Après une vague de chaleur exceptionnelle, les bâtiments ont besoin de plusieurs jours pour refroidir et nécessitent d'être ventilés à grands courants d'air, avant la probable nouvelle canicule de la semaine prochaine.
Pendant les journées où la température est montée au-delà des 40°C, les bâtiments ont emmagasiné chaleur et rayonnement du soleil, qui ont "pénétré jusqu'au coeur des édifices et il faut du temps pour faire le chemin inverse", explique à l'AFP l'ingénieur Pascal Lenormand, spécialisé en sobriété énergétique des bâtiment.

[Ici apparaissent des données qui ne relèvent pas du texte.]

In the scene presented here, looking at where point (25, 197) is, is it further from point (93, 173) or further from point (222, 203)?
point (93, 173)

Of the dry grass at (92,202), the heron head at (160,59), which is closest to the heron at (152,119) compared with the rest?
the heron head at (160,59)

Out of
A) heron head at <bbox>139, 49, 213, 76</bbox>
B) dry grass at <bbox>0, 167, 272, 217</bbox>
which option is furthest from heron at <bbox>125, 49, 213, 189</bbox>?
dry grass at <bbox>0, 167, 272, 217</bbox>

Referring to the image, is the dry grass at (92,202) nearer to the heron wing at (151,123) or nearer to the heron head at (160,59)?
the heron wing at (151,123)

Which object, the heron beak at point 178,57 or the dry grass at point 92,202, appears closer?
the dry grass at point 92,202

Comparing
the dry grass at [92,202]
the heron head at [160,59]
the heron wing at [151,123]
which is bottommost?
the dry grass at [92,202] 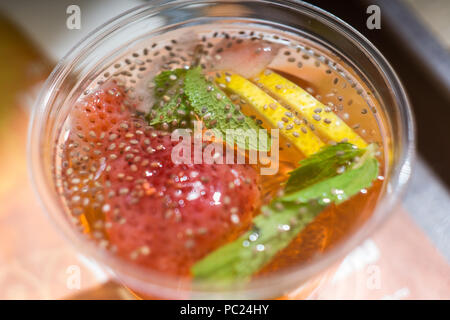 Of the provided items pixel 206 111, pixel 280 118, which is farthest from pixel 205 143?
pixel 280 118

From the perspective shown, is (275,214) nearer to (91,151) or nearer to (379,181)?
(379,181)

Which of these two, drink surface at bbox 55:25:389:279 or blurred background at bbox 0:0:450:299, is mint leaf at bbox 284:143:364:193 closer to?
drink surface at bbox 55:25:389:279

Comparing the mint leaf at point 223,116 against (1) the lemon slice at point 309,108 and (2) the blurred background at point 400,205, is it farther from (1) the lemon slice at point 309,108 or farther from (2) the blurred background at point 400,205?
(2) the blurred background at point 400,205

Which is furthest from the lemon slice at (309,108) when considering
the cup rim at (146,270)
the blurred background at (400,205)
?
the blurred background at (400,205)

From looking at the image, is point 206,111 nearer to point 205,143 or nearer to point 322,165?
point 205,143

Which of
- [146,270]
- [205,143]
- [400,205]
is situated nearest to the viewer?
[146,270] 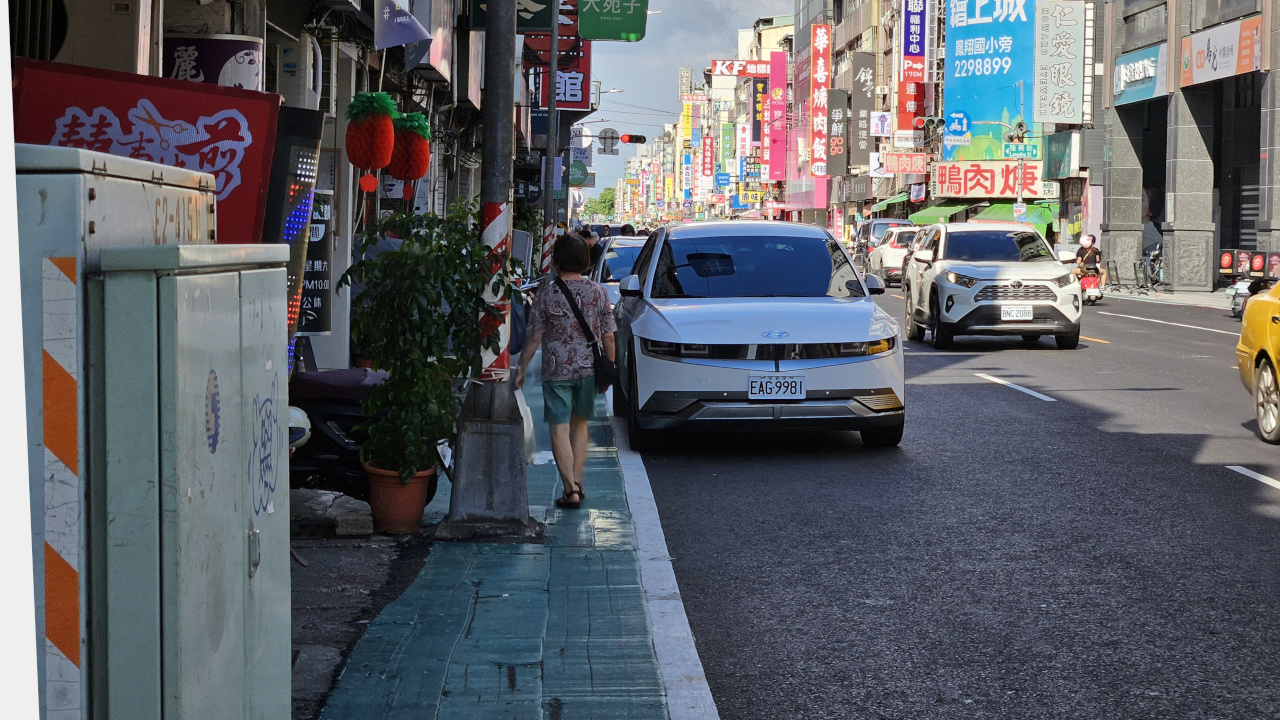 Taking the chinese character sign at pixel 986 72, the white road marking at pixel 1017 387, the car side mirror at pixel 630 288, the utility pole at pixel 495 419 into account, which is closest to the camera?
the utility pole at pixel 495 419

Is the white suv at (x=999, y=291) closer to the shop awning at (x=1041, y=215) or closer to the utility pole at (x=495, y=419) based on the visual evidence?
the utility pole at (x=495, y=419)

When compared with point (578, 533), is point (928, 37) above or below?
above

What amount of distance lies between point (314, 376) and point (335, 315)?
5959 mm

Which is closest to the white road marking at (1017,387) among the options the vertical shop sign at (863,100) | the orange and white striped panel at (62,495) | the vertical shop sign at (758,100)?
the orange and white striped panel at (62,495)

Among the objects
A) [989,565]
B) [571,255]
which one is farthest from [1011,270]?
[989,565]

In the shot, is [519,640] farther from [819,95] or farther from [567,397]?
[819,95]

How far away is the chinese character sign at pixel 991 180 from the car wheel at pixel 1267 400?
47.7 metres

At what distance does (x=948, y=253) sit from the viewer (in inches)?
808

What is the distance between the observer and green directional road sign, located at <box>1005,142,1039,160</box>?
2254 inches

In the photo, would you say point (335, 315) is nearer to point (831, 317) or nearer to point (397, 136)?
point (397, 136)

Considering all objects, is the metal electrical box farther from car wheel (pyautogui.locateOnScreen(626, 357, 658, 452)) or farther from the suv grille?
the suv grille

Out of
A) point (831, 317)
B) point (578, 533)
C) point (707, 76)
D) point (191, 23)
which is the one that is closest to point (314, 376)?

A l'intérieur des logements, écoles, hôpitaux et autres bureaux, les murs, planchers, plafonds restent chauds. Et plus ils sont épais et constitués de matériaux lourds, plus ils vont mettre du temps à refroidir.
C'est le cas des structures en béton, des murs en pierre, qui ont l'avantage de retenir la chaleur longtemps pendant la canicule, mais aussi de mettre beaucoup de temps à l'évacuer.
Les matériaux isolants aussi contribuent à cet effet "thermos": conçus pour garder la chaleur à l'intérieur en hiver, ils l'empêchent de sortir aussi en été.
Même en ouvrant toutes les fenêtres, "on n'arrive pas à descendre aussi bas que la température extérieure en fin de nuit, parce que la chaleur est entrée à coeur", poursuit Pascal Lenormand.
"C'est comme une baignoire qui s'est remplie et la ventilation définit la taille des trous par lesquels on peut vidanger cette baignoire", explique-t-il.
Son principal conseil est donc "de continuer à faire exactement comme pendant la canicule": aérer au maximum aux moments de la journée où il fait plus frais dehors qu'à l'intérieur et continuer à protéger son logement de la chaleur en journée.
C'est d'autant plus important que la France va connaître "sans doute un nouvel épisode caniculaire à partir de ce week-end", a indiqué mardi à l'AFP le prévisionniste de Météo-France Patrick Galois, alors que le précédent phénomène n'est pas encore totalement terminé pour quatre départements du Sud-Est.
L'ingénieur en performance des bâtiments préconise de "faire le stock de froid, de faire descendre la température aussi bas que possible avant la vague qui va arriver".
La semaine de répit peut aussi permettre d'améliorer les solutions d'urgence mises en place pendant la première canicule et de mieux se préparer, par exemple en "s'organisant pour arrêter de servir des repas chauds à l'hôpital", suggère Pascal Lenormand.